I have an enemy. In this season of change, loss and grief, he constantly tells me, my callings are worthless; I am worthless.
For our summer vacation, we visit the Outer Banks, North Carolina. After our long, 2-day drive, once parked at our beach house, we RUN to see who can make it to the ocean first.
I deeply inhale the salty air, take in the vast horizon and with eyes closed hear the crashing waves. The ocean welcomes me like a long-time friend and a part of me is once, again home, even for a short time.
On the shoreline, is where our love-relationship ends though. I let my feet and legs soak but to go past the ever-changing few metres of waves reaching towards me takes real commitment.
I know what it’s like to battle them. I’ve gotten caught in their relentlessness.
Few times I have been brave enough to plunge through them. Conquer wave after wave; either jumping over them or swimming underneath them.
The ocean rests calm on the other side of this turbulence.
‘Be alert and of sober mind.

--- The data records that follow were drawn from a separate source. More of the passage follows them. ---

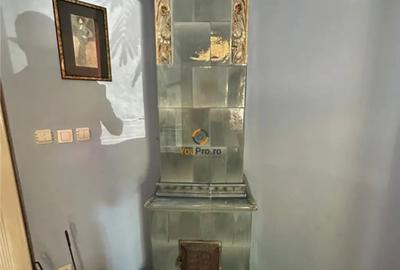 Casă cu 6 camere cu Teren 5000 Mp în Central - 12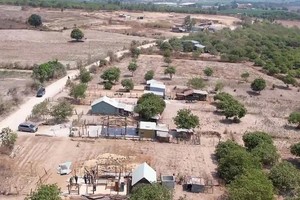 大片农林地面积被当地少数民族居民非法侵佔违建住房。（图：越通社）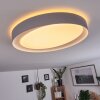 Beade Plafondlamp LED Grijs, Wit, 1-licht, Afstandsbediening, Kleurwisselaar
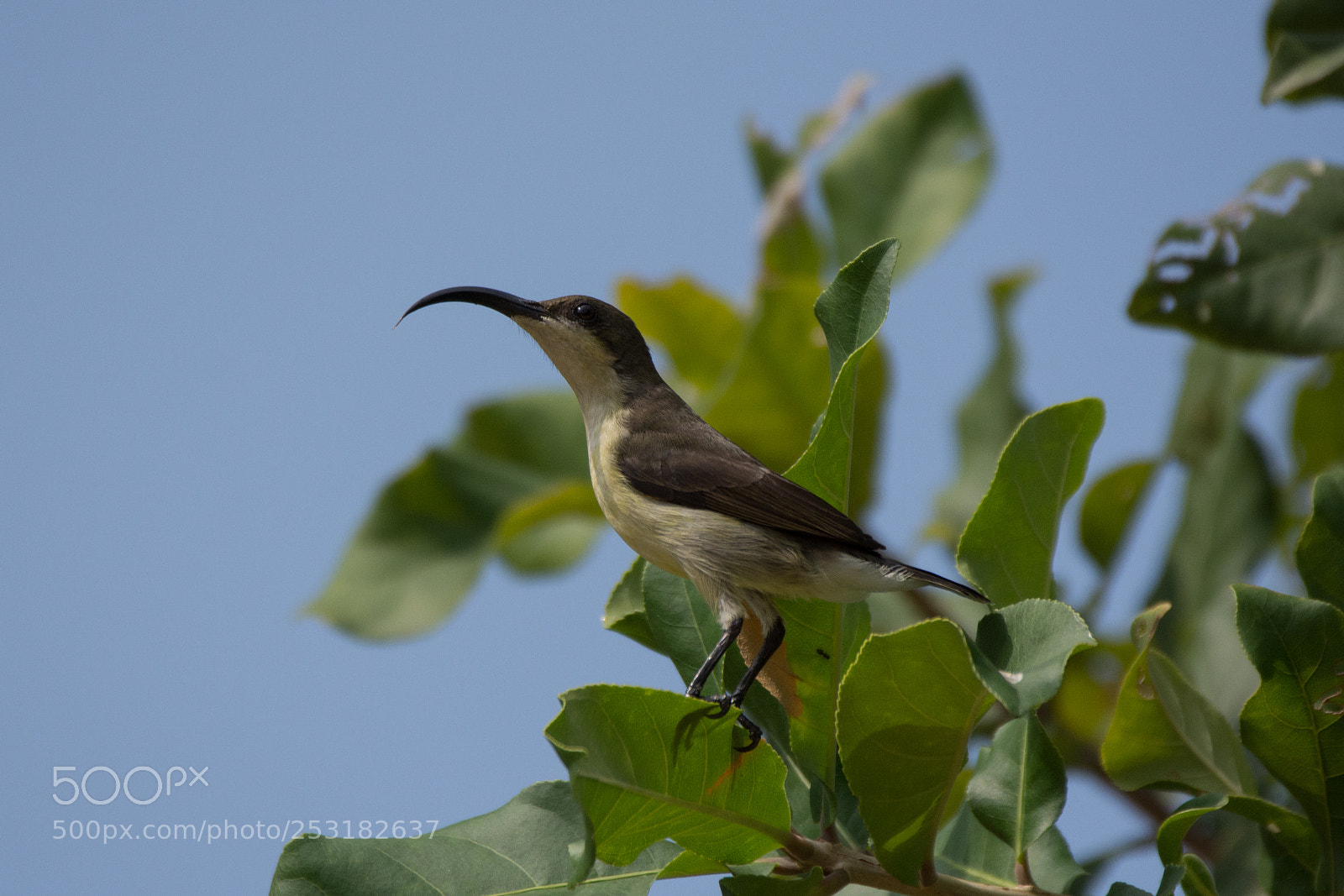 Nikon D7200 sample photo. Long billed sunbird (dsc_7076 photography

Your enemy the devil prowls around like a roaring lion looking for someone to devour.’ 1 Peter 5:8
During this season, I am weak and weary. And it takes alertness to realize the battle I am in.

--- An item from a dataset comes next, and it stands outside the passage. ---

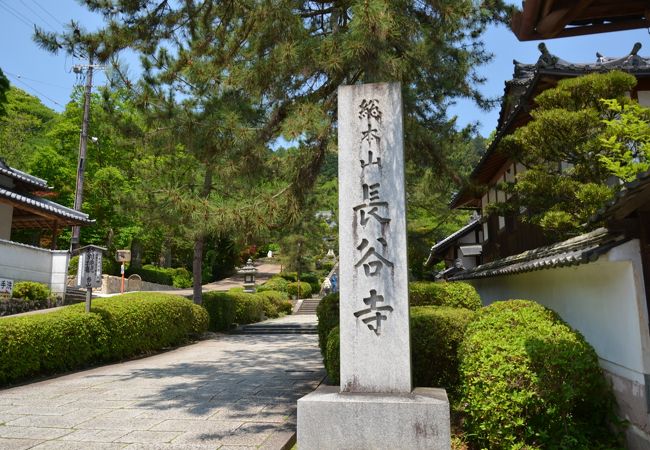 奈良 長谷寺
御足参り・十一面観音特別祈願体験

Unlike, fighting the waves in my own strength and power, this battle will not be won in my own effort.
It will take grit but not my own.
‘But he said to me, “My grace is sufficient for you, for my power is made perfect in weakness.” Therefore I will boast all the more gladly about my weaknesses, so that Christ’s power may rest on me.’ 2 Corinthians 12:9
The victory is had by choosing to believe differently. That change when lead by God is and will be awe-inspiring. That loss and grief is because we love so well.
It’s only in Him, that I am strong! And as He carries me through the turbulence, I rest in His ever-calming Presence.